Por esa vía llegamos al régimen colombiano de entrada de los niños al colegio, entre las 6 y las 7 de la mañana. Y entre más grande la ciudad, peor les va a los niños: hay que ver a los pollitos bogotanos tiritando de frío recién bañados, esperando la ruta escolar desde las 5 de la mañana, o antes. Llueva, truene o relampaguee. Para que esas criaturas hayan dormido lo suficiente para su edad, deberían estar en la cama a las 7 de la noche. Pero los he visto a las 10 de la noche cabeceando mientras terminan de hacer, en muchos casos, las insólitas tareas que requieren la ayuda de la persona adulta a cargo cuando esta llega del trabajo, las 8 de la noche (con suerte).

Este régimen no se compadece con las necesidades de descanso de los niños, ni con sus horas de ocio, indispensables en todos los seres humanos. Madrugar al colegio y trasnocharse haciendo tareas es forzar a los niños a vivir estresados, aumenta los niveles de intolerancia, de agresividad, de frustración.
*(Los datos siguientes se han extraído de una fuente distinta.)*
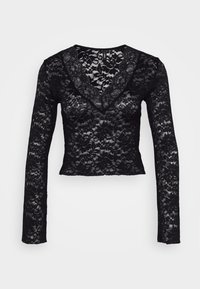 Schwarzes, langärmliges Crop-Top aus Spitze mit einem V-Ausschnitt und floralem Muster auf dem gesamten Stoff. Glatte Textur und figurbetonter Schnitt.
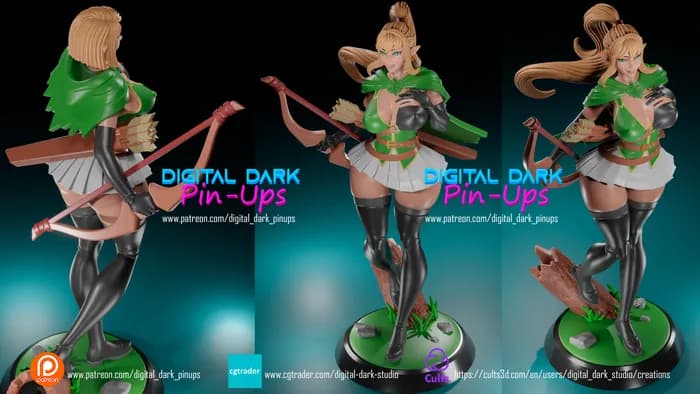 STL - Arquera Elfa render 2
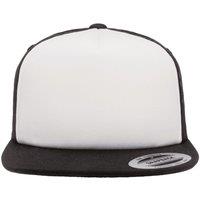 Flexfit by Yupoong Men's Foam Trucker Cap With White Front in Black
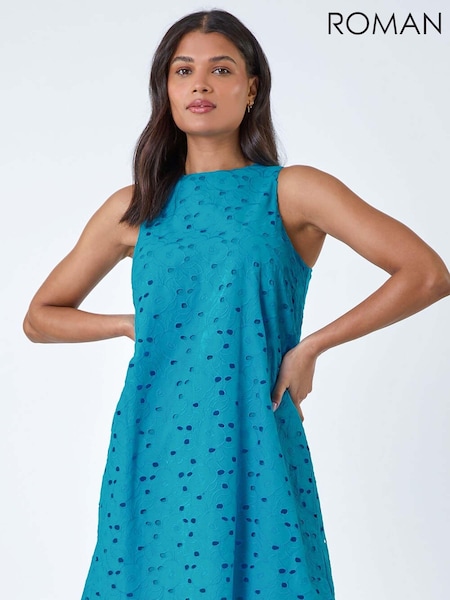 Roman Blue 100% Cotton Embroidery Detail Shift Dress (B53456) | €32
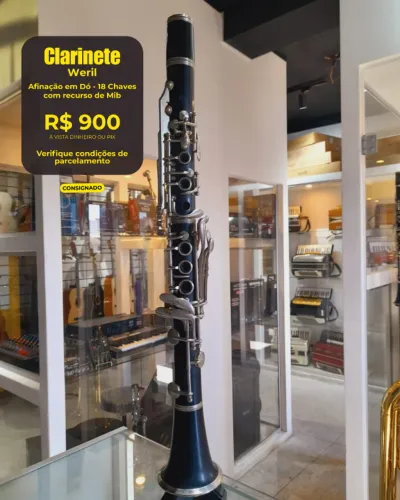 Clarinete Weril Dó 18 Chaves - Com Recurso de Mib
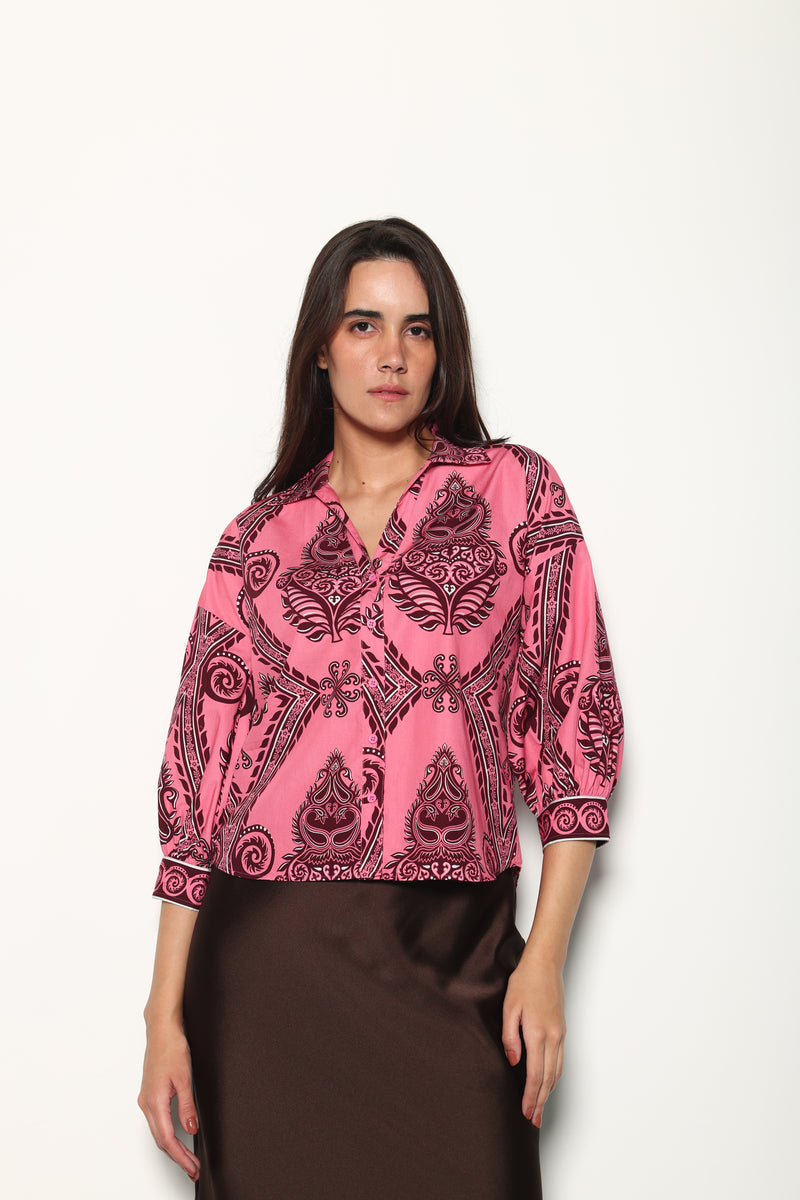 SALMON MOTIFS ELSA TOP by Maude Vivante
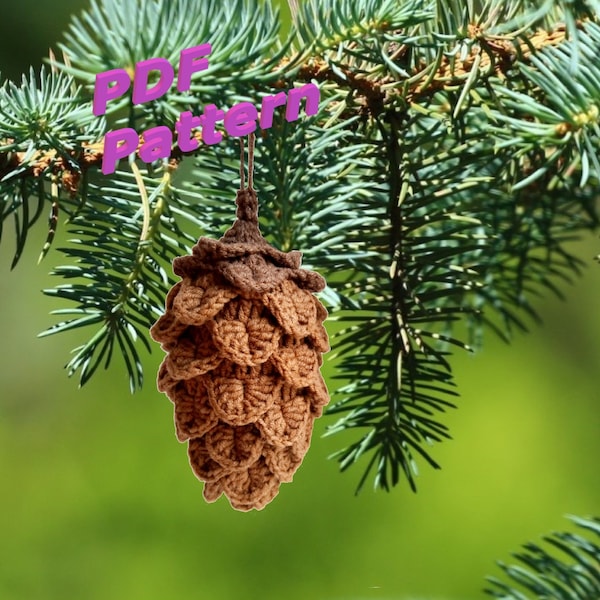 Patrón de crochet de cono de pino, adornos navideños, decoraciones navideñas en el bosque_Descargar PDF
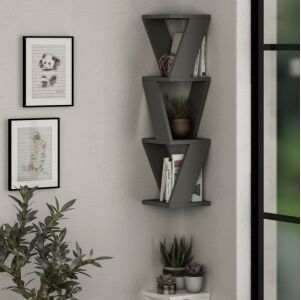 Relax e Design MOBILE ANGOLARE LIBRERIA SOSPESA 3 RIPIANI ANTRACITE 22x22xH.85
Por todo esto, resulta comprensible y sensata la decisión tomada por el alcalde de Soledad, en el Atlántico, de adelantar un piloto pedagógico en la primaria de tres colegios de su municipio, en los que el inicio de las clases será a las 9 de la mañana y los profesores no les dejarán a los alumnos tareas para la casa.

Una medida así recibe fuerte oposición en este país histérico, donde hay gente que piensa que todo alivio de presión académica en los niños es “fomentar la vagancia”, como si para ser mejores personas tuviéramos que cumplir el requisito de aprender a trabajar a los trancazos, angustiados. Yo aplaudo poner en marcha todo mecanismo que haga a los niños más felices, más tranquilos, con mejor descanso, con más tiempo libre para pensar en los juegos que en las tareas, y espero que, ojalá, el piloto en Soledad permitiera repensar una mejor ruta educativa para los niños, a quienes por mucho madrugar la vida no les amanece mejor, ni más temprano.